More

mkaufmann · on Feb 2, 2015

Yes because the recovery menu won't be accessible than (which is needed to replace the sticky key executable)

The settings can be changed with bcdedit:

    bcdedit /set {default} recoveryenabled No 

    bcdedit /set {default} bootstatuspolicy ignoreallfailures

Additionally booting from USB/... should be disabled in the BIOS/UEFI options and also access to that should be password secured.

Further more because the person has physical access, the computer should be locked away so that the harddrive can't be accessed. Also all cables should be secured so that no sniffer can be plugged in between. This also especially includes the USB ports on the monitor if those are enabled.

arca_vorago · on Feb 2, 2015

Note: Make sure to run bcdedit commands with elevated privileges. I am currently working on adding this into my ansible test AD replacement.

mkaufmann · on Jan 26, 2015

Driving on a german highway with autonomous cars has already been done as already as 1996 by Mercedes[1]. But same as with the google cars they used very special hardware which would be too expensive for production use. The current challenges are to make autonomous driving happening with fewer and cheaper sensors.

Also having a real highway allows testing scenarios like partially blocked street due to construction, testing at night, with rain, with snow, etc. Google's cars are currently not working under such conditions so there are still many problems to solve.

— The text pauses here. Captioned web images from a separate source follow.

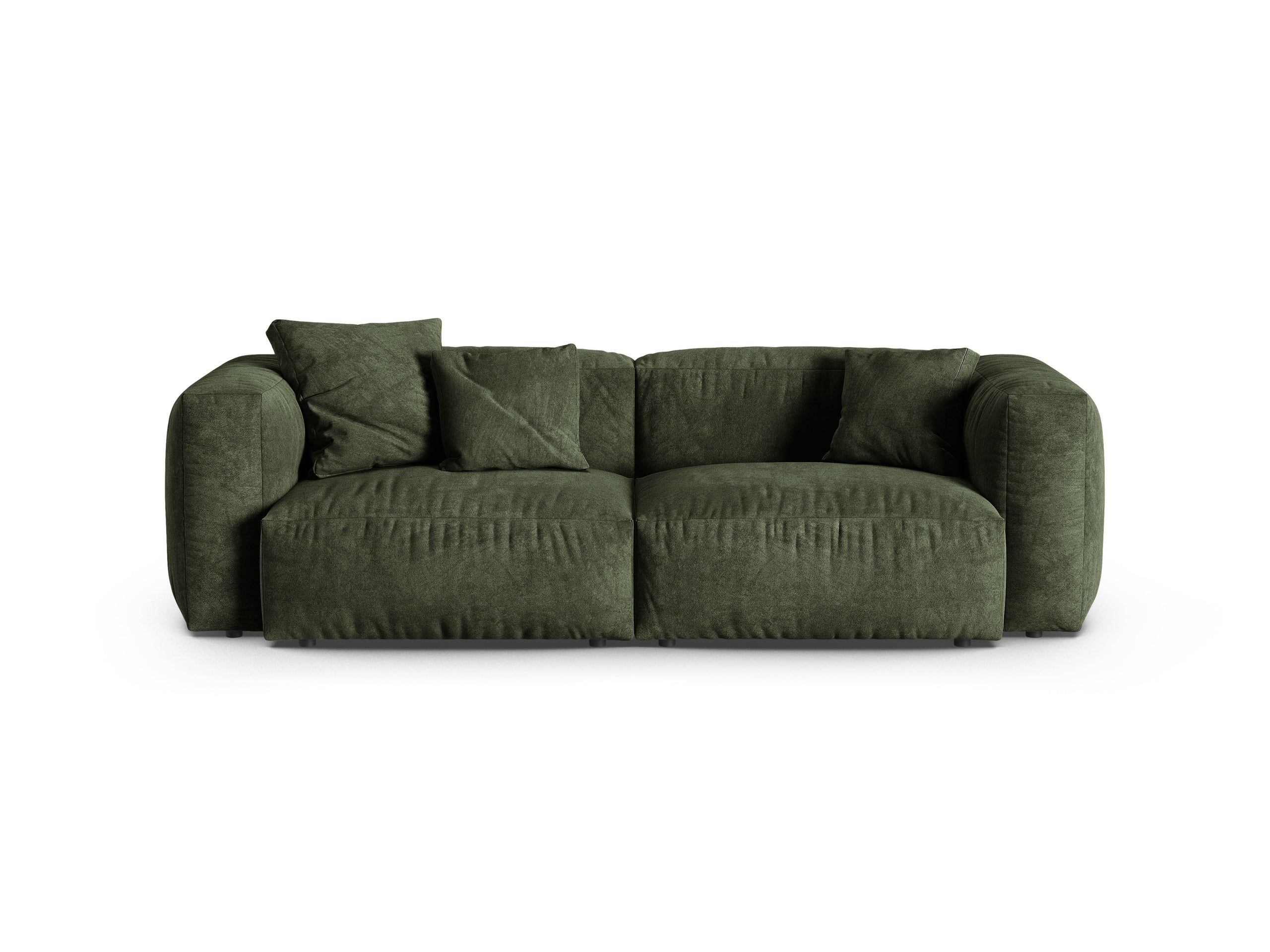 Micadoni Martina trojmiestna pohovka - Zamat Vogue (Vog11) - Zelená - Nohy: Čierny plast - Variant 90 cm
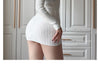 Women Transparent Sexy See Through Mini Dress Korean Outdoor Expose White Sheer Slim Fit Above Knee Longsleeve Crop Skirts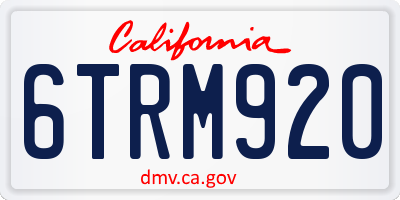 CA license plate 6TRM920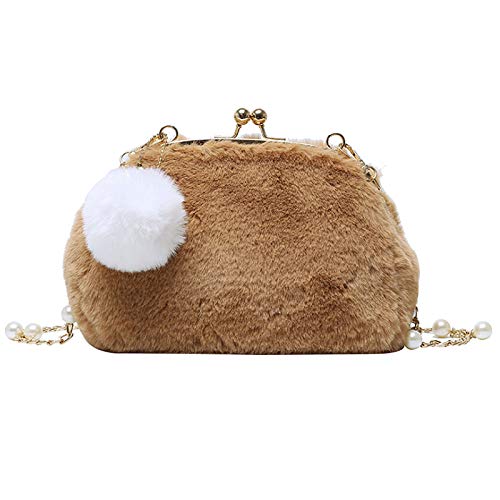 Goclothod Women Faux Fur Clutch Purse Kiss Lock Shoulder Bag Chain Crossbody Handbag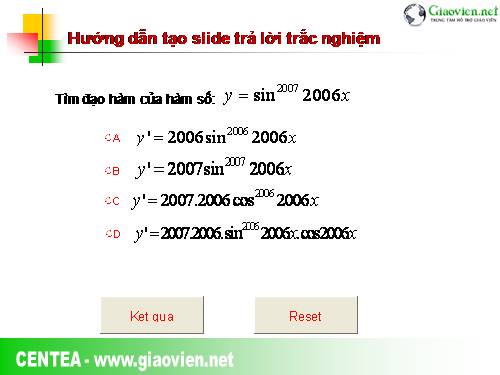 Huong dan tao Slide Trac nghiem trong Powerpoint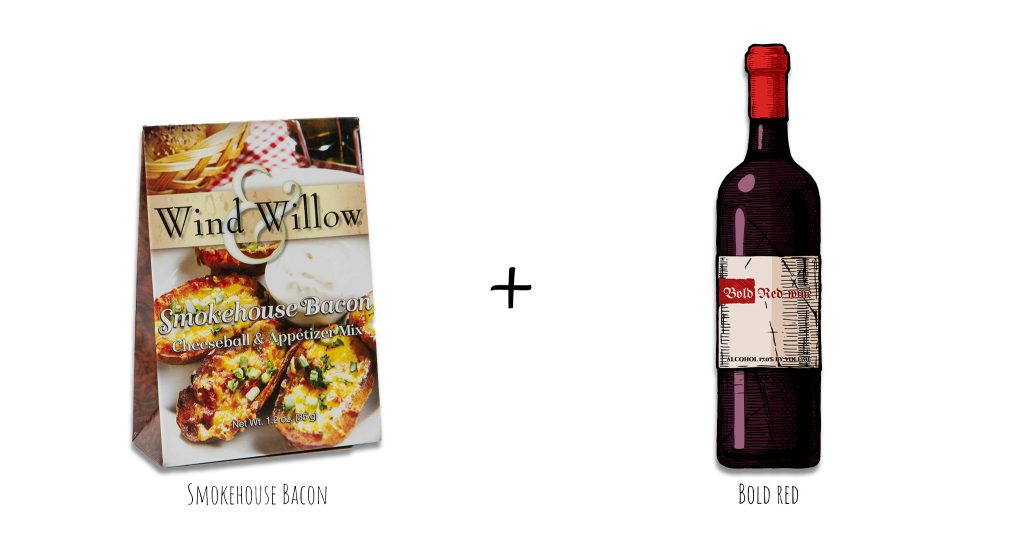 smoky bacon, appetizer, red wine, cheese and wine pairing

[1] http://wwwlehre.dhbw-stuttgart.de/~reichard/content/person/d... (Sorry no english news)

mkaufmann · on Dec 18, 2014

While I like the construction of the column store and the corresponding API. The claims of the author don't really make sense:

> "... columnarization, a technique from the database community for laying out structured records in a format that is more convenient for serialization than the records themselves."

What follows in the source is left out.